Phase 15-R Terraform handles step 1 (unseal via KMS auto-unseal) and step 2 (enable Kubernetes auth method) declaratively. The chapter documents both for the reader who runs this manually on a kind cluster with dev-mode Vault:

# STEP 1: Unseal (production: automatic via KMS; dev-mode: already unsealed)
kubectl -n vault exec vault-0 -- vault status
#   Sealed=false → step 1 done

# STEP 2: Initialize Kubernetes auth method (idempotent; Phase 15-R did it)
kubectl -n vault exec -i vault-0 -- sh -c '
  export VAULT_TOKEN=<root or admin>
  vault auth enable kubernetes 2>/dev/null || true
  vault write auth/kubernetes/config \
    kubernetes_host="https://kubernetes.default.svc:443" \
    disable_iss_validation=true
'
# disable_iss_validation: TokenRequestProjection issues tokens with
# multiple audiences; Vault validates against the cluster's API server
# CA, not the token's "iss" field. This is the documented setting for
# K8s ≥ 1.21.

# STEP 3: Write the admin policy + bind to platform identity
kubectl cp examples/bookstore-platform/vault/policies/bookstore-platform-admin.hcl \
  vault/vault-0:/tmp/admin.hcl
kubectl -n vault exec vault-0 -- vault policy write \
  bookstore-platform-admin /tmp/admin.hcl
#  After this, an admin token (held by Terraform / the Composition) can
#  create per-tenant policies + roles WITHOUT being root.

2. Onboard a tenant manually (the Composition path's manual equivalent)

In production, the BookstoreTenant Crossplane Composition (Part 13 ch.02) does the next four commands declaratively via the Vault Terraform provider.

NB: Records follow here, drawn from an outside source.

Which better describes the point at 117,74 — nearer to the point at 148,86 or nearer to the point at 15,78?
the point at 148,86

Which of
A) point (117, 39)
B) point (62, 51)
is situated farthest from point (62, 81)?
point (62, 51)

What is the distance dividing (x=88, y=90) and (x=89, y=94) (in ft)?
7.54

The manual path here is the same operations:

TENANT=acme-books

# Per-tenant policy (read-only, scoped to this tenant's KV path)
sed "s/<TENANT>/${TENANT}/g" \
  examples/bookstore-platform/vault/policies/bookstore-platform-app.hcl \
  > /tmp/app-${TENANT}.hcl
kubectl cp /tmp/app-${TENANT}.hcl vault/vault-0:/tmp/app.hcl
kubectl -n vault exec vault-0 -- vault policy write \
  bookstore-platform-app-${TENANT} /tmp/app.hcl

# Per-tenant Kubernetes auth role (binds the tenant SA to the policy)
kubectl -n vault exec vault-0 -- vault write \
  auth/kubernetes/role/bookstore-platform-${TENANT} \
  bound_service_account_names=bookstore-platform-eso \
  bound_service_account_namespaces=bookstore-platform-${TENANT} \
  policies=bookstore-platform-app-${TENANT} \
  ttl=15m max_ttl=1h \
  audience=https://vault.bookstore-platform.example.com

# Per-tenant KV path with a sample DB-password Secret (static; the
# dynamic-creds case follows in step 5)
kubectl -n vault exec vault-0 -- vault kv put \
  secret/bookstore-platform/${TENANT}/catalog/db-password \
  username=catalog \
  password="$(openssl rand -base64 32)" \
  dbname=bookstore_catalog

# Verify (admin scope)
kubectl -n vault exec vault-0 -- vault kv get \
  secret/bookstore-platform/${TENANT}/catalog/db-password

3. Apply the ClusterSecretStore and the ExternalSecret

# The ClusterSecretStore (cluster-scoped, references the SA in the
# tenant ns)
kubectl apply -f examples/bookstore-platform/vault/cluster-secret-store.yaml
kubectl get clustersecretstore vault-bookstore-platform \
  -o jsonpath='{.status.conditions[*].type}={.status.conditions[*].status}{"\n"}'
#   Ready=True (ESO authenticated to Vault, validated CA)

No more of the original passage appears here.